_Work order:_
Leaving out all pictures, return exactly the lines from the one that contains "Libye: Kadhafi affirme" through the end of the data below.

_Data:_
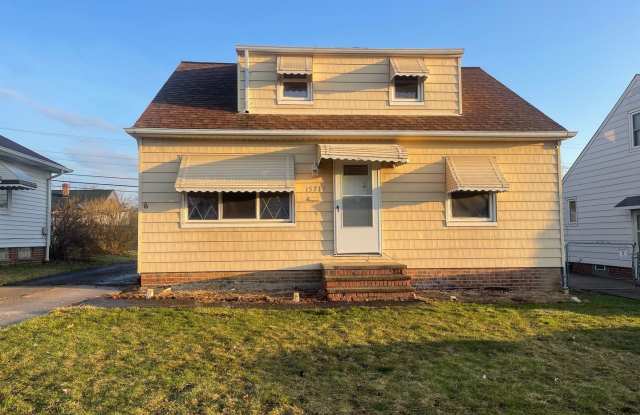 15717 NORTHWOOD AVENUE photos photos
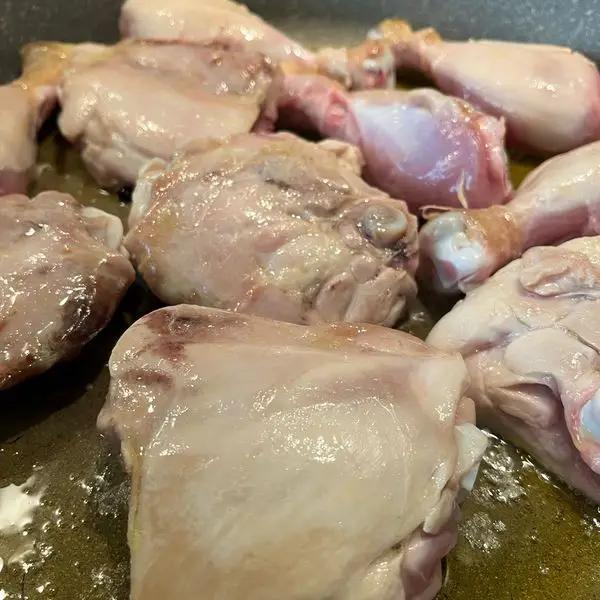 Immagine dello step: In una padella ampia un generoso giro d’olio evo facciamo rosolare il pollo con le bacche di ginepro.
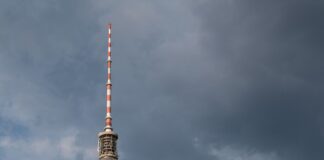 30.05.2018, Berlin: Hinter dem Berliner Fernsehturm ziehen dunkle Wolken auf.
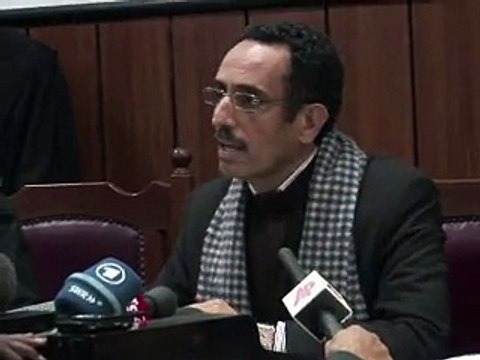 Libye: Kadhafi affirme que tout est calme , les insurgés s'organisent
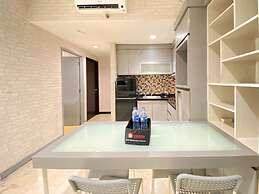 Cozy Stay And Serene Designed 2Br At Braga City Walk Apartment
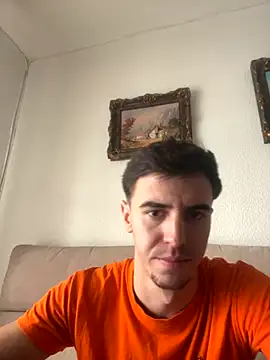 suarezz  online show from 10/12/25, 02:38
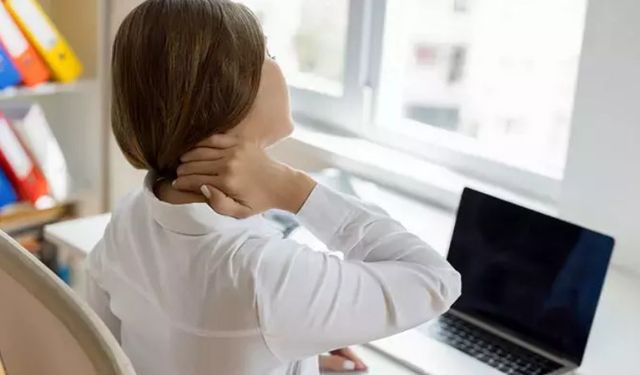 ‘Teknoloji boynu’ yaygınlaşıyor! Basit bir tutulma olmayabilir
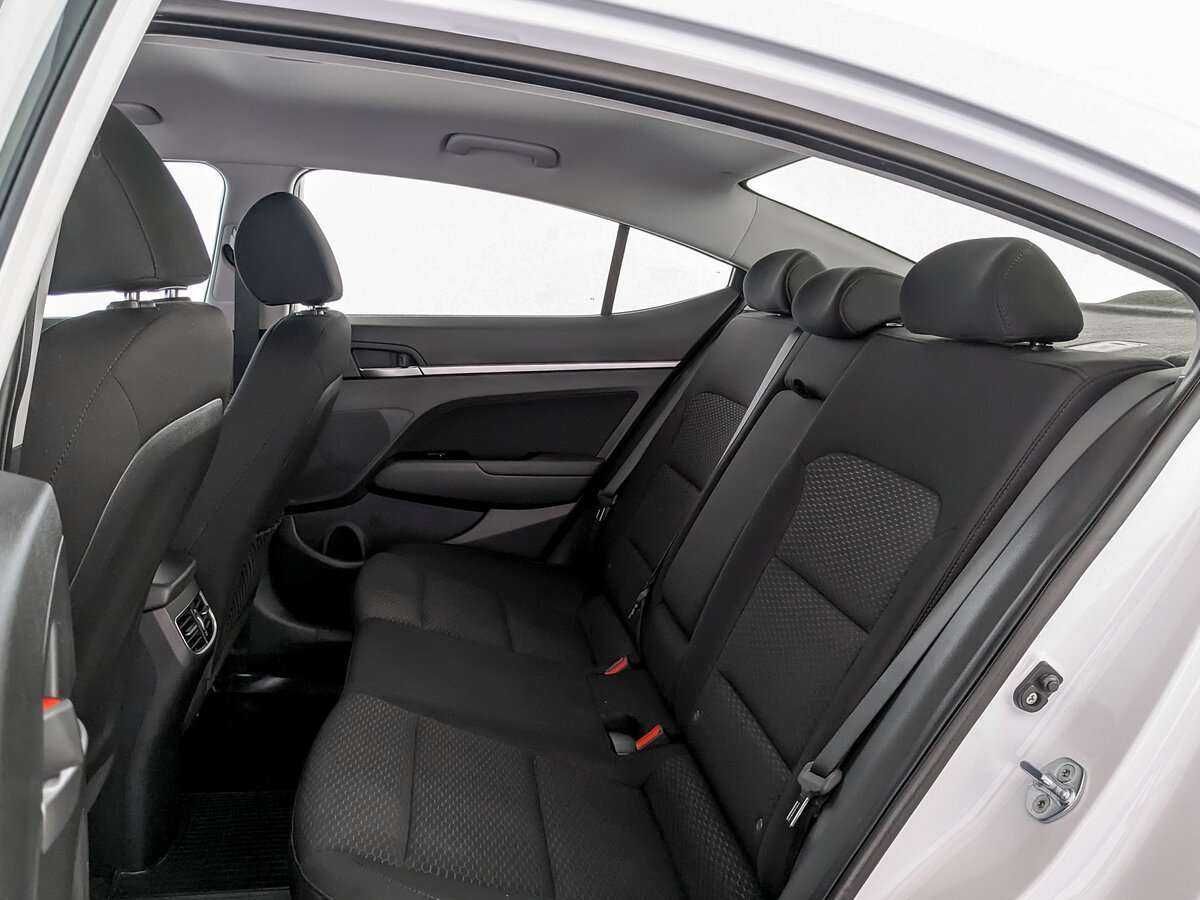Hyundai Elantra б/у, 2020, Автоматическая. Фото: #9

_Result of the exercise:_
 Libye: Kadhafi affirme que tout est calme , les insurgés s'organisent
 Cozy Stay And Serene Designed 2Br At Braga City Walk Apartment
 suarezz  online show from 10/12/25, 02:38
 ‘Teknoloji boynu’ yaygınlaşıyor! Basit bir tutulma olmayabilir
Hyundai Elantra б/у, 2020, Автоматическая. Фото: #9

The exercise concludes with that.